Below are records with pictures. Reproduce exactly the lines from the line with "Tampa Bay Lightning" to the line with "CASHMERE FOX FINGERHOLE", inclusive, and leave each picture out.

------ GIVEN RECORDS

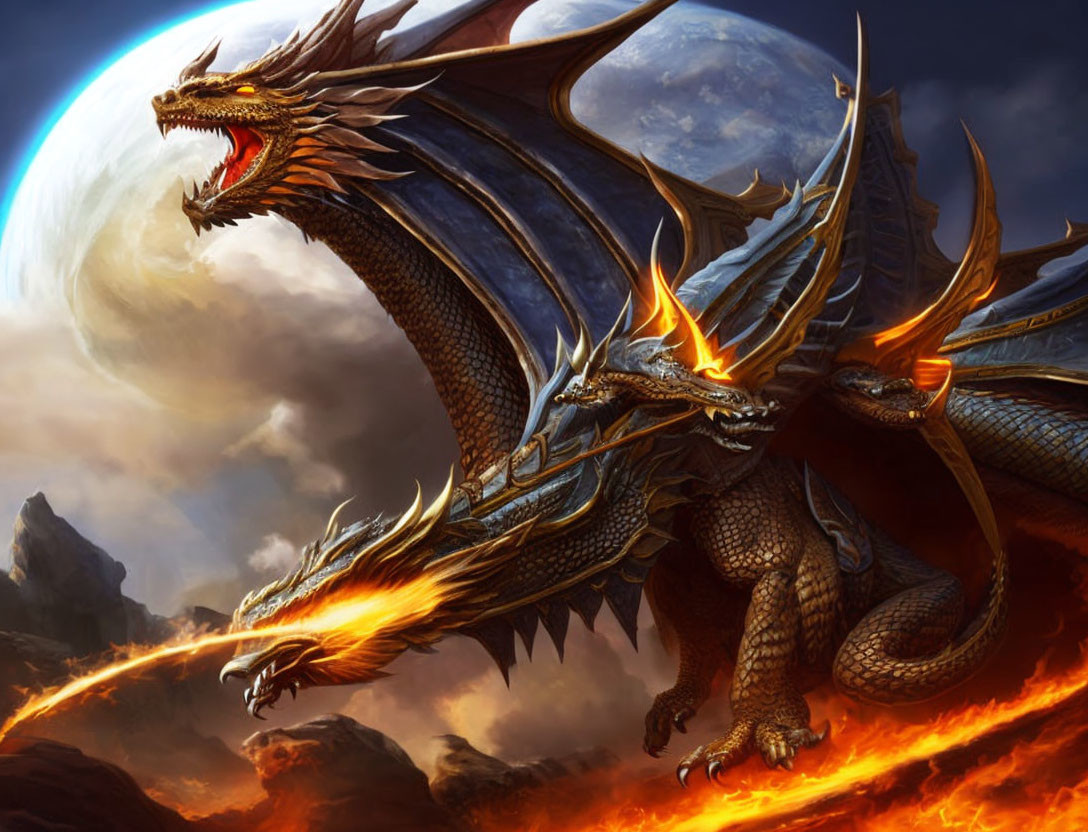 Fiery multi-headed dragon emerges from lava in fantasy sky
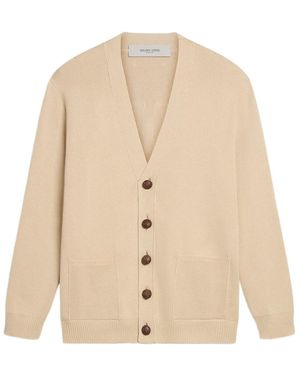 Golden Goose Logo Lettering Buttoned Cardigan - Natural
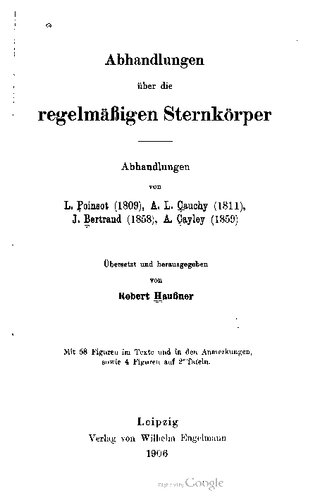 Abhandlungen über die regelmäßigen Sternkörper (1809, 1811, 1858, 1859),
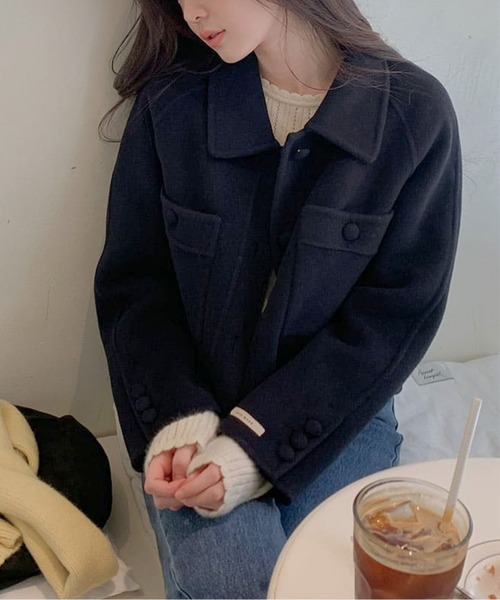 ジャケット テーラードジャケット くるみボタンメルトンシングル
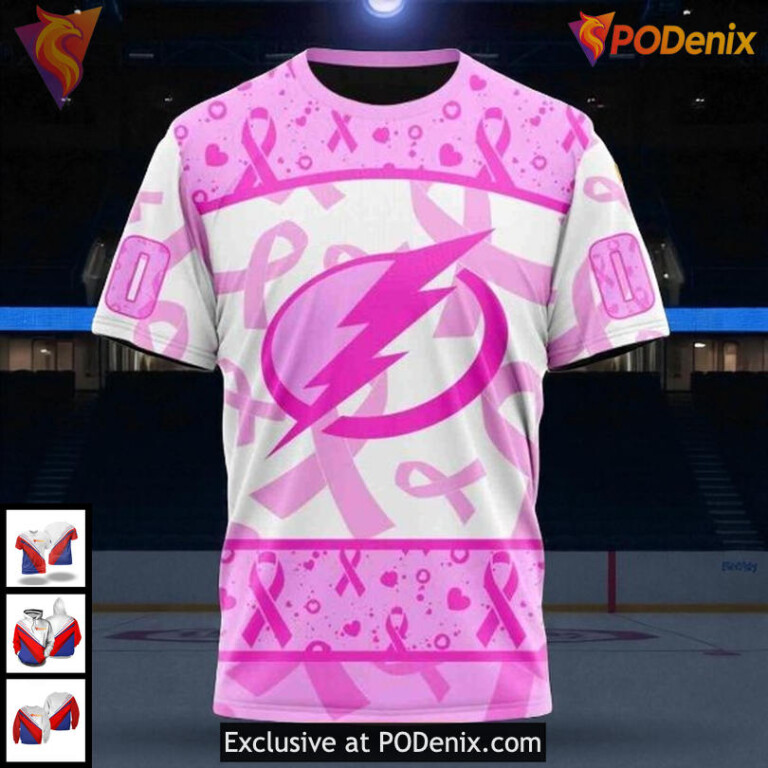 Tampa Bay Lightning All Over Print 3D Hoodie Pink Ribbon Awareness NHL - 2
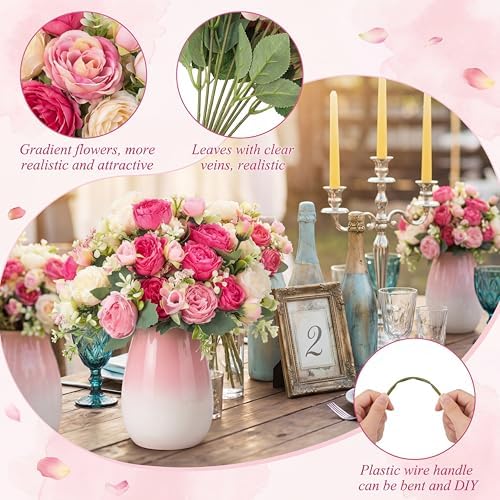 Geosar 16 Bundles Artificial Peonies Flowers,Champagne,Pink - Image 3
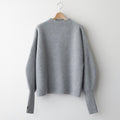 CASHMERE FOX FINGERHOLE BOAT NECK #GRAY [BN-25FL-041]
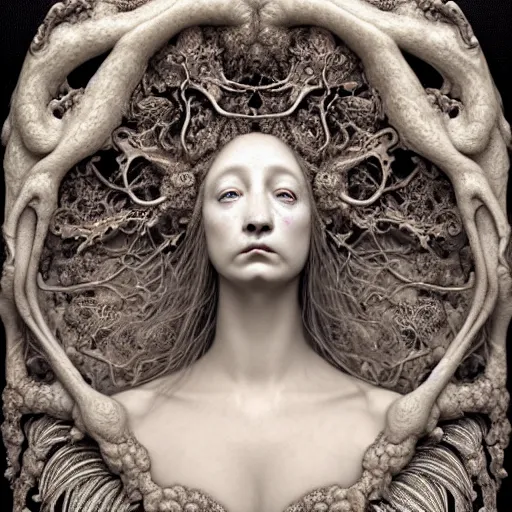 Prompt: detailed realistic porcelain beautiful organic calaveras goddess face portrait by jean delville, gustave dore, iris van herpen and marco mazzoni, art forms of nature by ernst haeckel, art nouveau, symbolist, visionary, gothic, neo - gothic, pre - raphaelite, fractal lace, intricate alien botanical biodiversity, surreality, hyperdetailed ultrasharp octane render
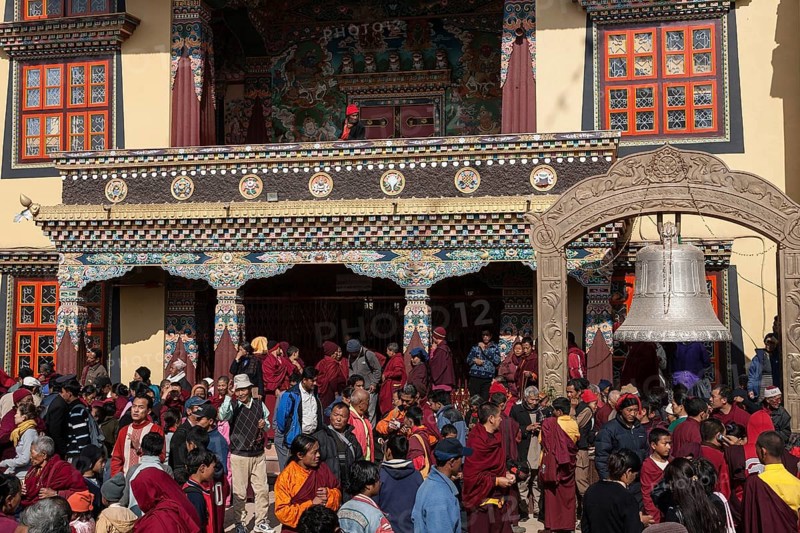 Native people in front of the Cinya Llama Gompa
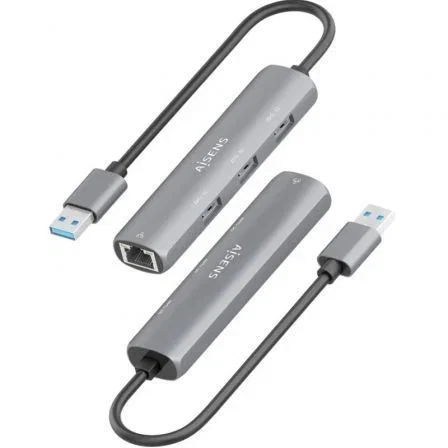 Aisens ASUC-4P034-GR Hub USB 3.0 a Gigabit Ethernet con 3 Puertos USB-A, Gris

------------

§ **RESPONSE BELOW**
 Tampa Bay Lightning All Over Print 3D Hoodie Pink Ribbon Awareness NHL - 2
 Geosar 16 Bundles Artificial Peonies Flowers,Champagne,Pink - Image 3
 CASHMERE FOX FINGERHOLE BOAT NECK #GRAY [BN-25FL-041]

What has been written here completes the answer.